Plaintiffs accept $6.3M in Bella Vista underground fire case by Tracy Neal | July 20, 2022 at 1:30 a.m.
FILE - In this Jan. 17, 2019 file photo, staff from the Arkansas Department of Environmental Quality install a meteorological station to record wind speed and direction at the former stump dump site in Bella Vista, Ark. The underground fire at the illegal dumping site in northwest Arkansas has been smoldering for at least seven months, sending noxious smoke throughout the community, with costs to extinguish it estimated in the tens of millions. The fire, which started in July is beneath dozens of feet of waste and dirt in a former dump intended for tree limbs and stumps. (Ben Goff/The Northwest Arkansas Democrat-Gazette via AP, File)

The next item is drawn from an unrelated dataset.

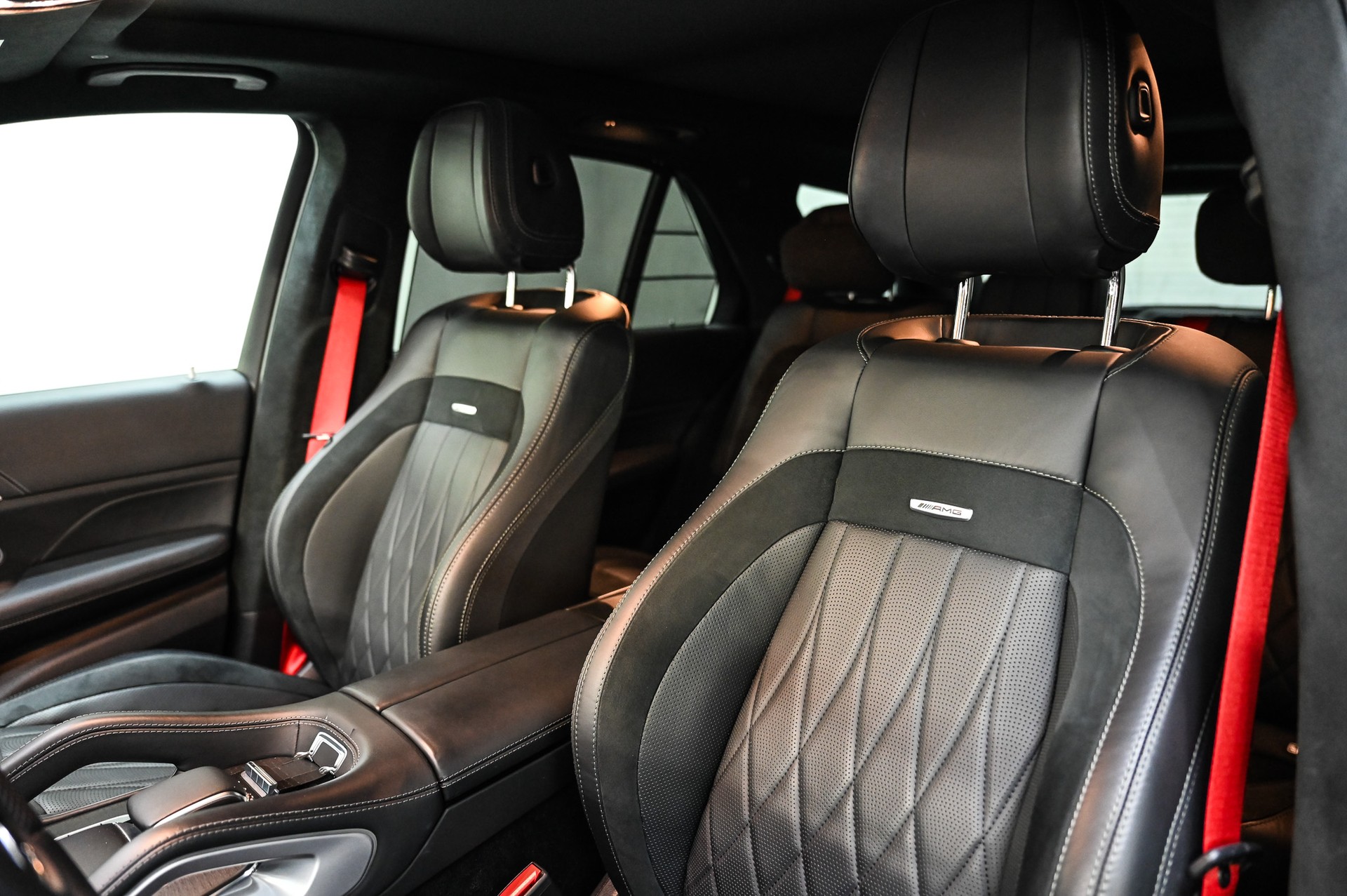 MERCEDES-BENZ GLE 53 AMG 4matic+-image-20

BELLA VISTA — A $6.3 million settlement has been reached in a lawsuit claiming smoke from a stump dump fire hurt nearby residents.

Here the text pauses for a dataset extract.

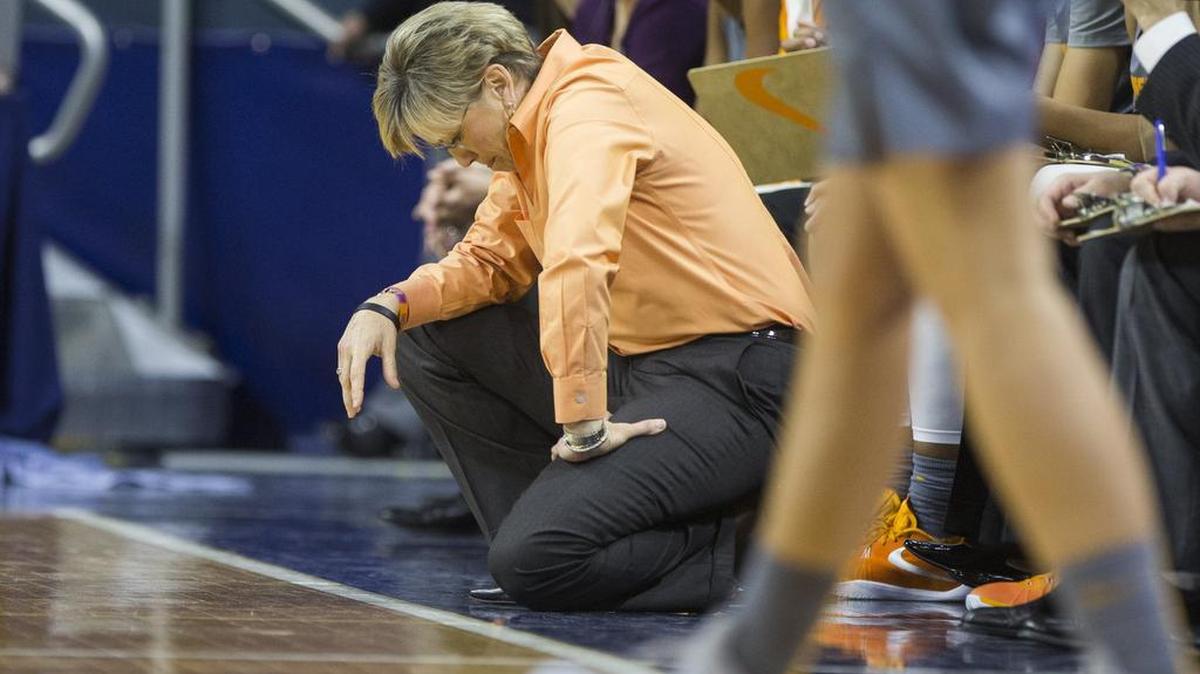 Tennessee head coach Holly Warlick reacts as her team falls behind during the second half of an NCAA college basketball game, Monday, Jan. 18, 2016, in South Bend, Ind.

Sach Oliver, an attorney involved in the case, confirmed Monday a $6.3 million settlement had been reached to resolve the lawsuit. Oliver said the settlement involves 85 households with 150 people.

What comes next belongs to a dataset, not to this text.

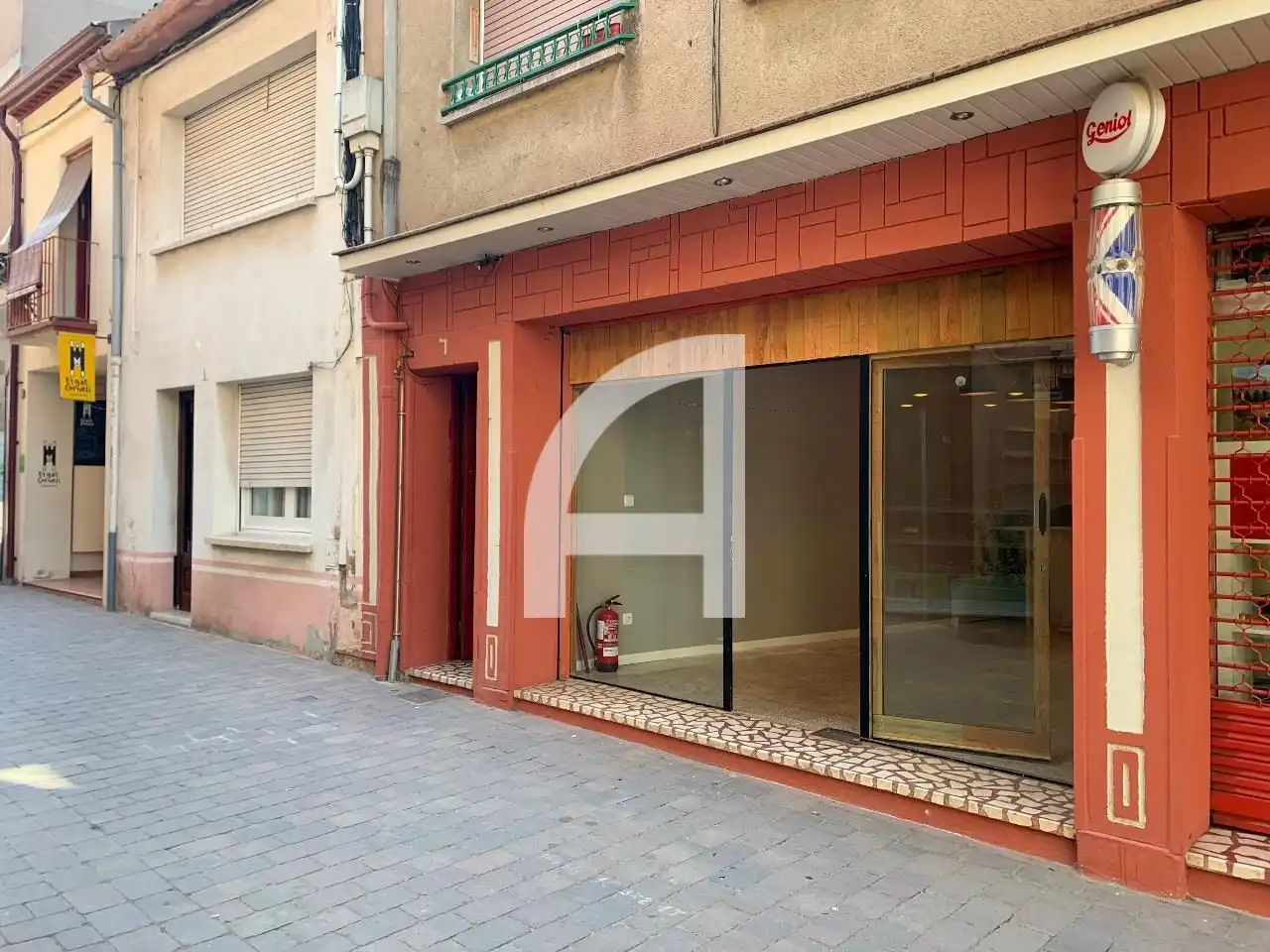 Gewerbefläche zur Miete in Baix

A jury trial on the matter was set to begin Aug. 2 in Benton County Circuit Judge Brad Karren’s court.

Oliver is one of the attorneys for the plaintiffs, who sued seeking compensation for the damages they say they suffered from the fire’s smoke and noxious fumes.

An underground fire burned at the Trafalgar Road stump dump site for months before the Bella Vista Property Owners Association hired firms to put it out. City firefighters discovered the fire July 29, 2018.

The association operated the dump from 2003 to 2016 on land leased from Blue Mountain Storage. The dump was a convenience for builders and residents in the area needing to dispose of organic matter, including leaves. By the time the fire was found burning underground, Brown’s Tree Service had purchased the land.

Contractors started work May 18, 2019, after the association took the job of extinguishing the fire and cleaning the 4.7-acre site from the state’s environmental quality agency.

The fire was extinguished June 4, 2019.

The association is paying $4.8 million of the settlement, with Brown’s paying $1 million and Blue Mountain settling for $500,000, Oliver said.

“We are thankful they put the fire out,” Oliver said, adding his clients “wanted the smoke to stop.”

Oliver said a third party will be hired to oversee the equitable division of the settlement. He said there must be an evaluation of individuals because not every person had the same harm.

“We understand the wide-ranging impact the fire had on everyone involved,” said Tom Judson, chief operating officer for the property owners association. “With the settlement of this lawsuit, we are now closing the chapter on a challenging ordeal for our entire community. We hope that this is an important, positive step in moving forward with some closure for all of the families and people affected by the fire.”

Judson said in early 2019, the state assessed the project and estimated it would cost between $20 million and $36 million and take roughly nine months to extinguish the fire.

“Despite the Bella Vista POA’s closure of the stump dump in 2016, marking the end of their involvement with the site, the POA stepped in and was successful in putting out the fire for $4 million and did so in less than 30 days,” Judson said. “We are glad the contractors the POA hired were able to extinguish the fire so quickly and mitigate the damage with urgency, exhausting all resources to the best of our ability.”

Judson said the association is paying $1 million towards the settlement while its insurance carrier is contributing $3.8 million.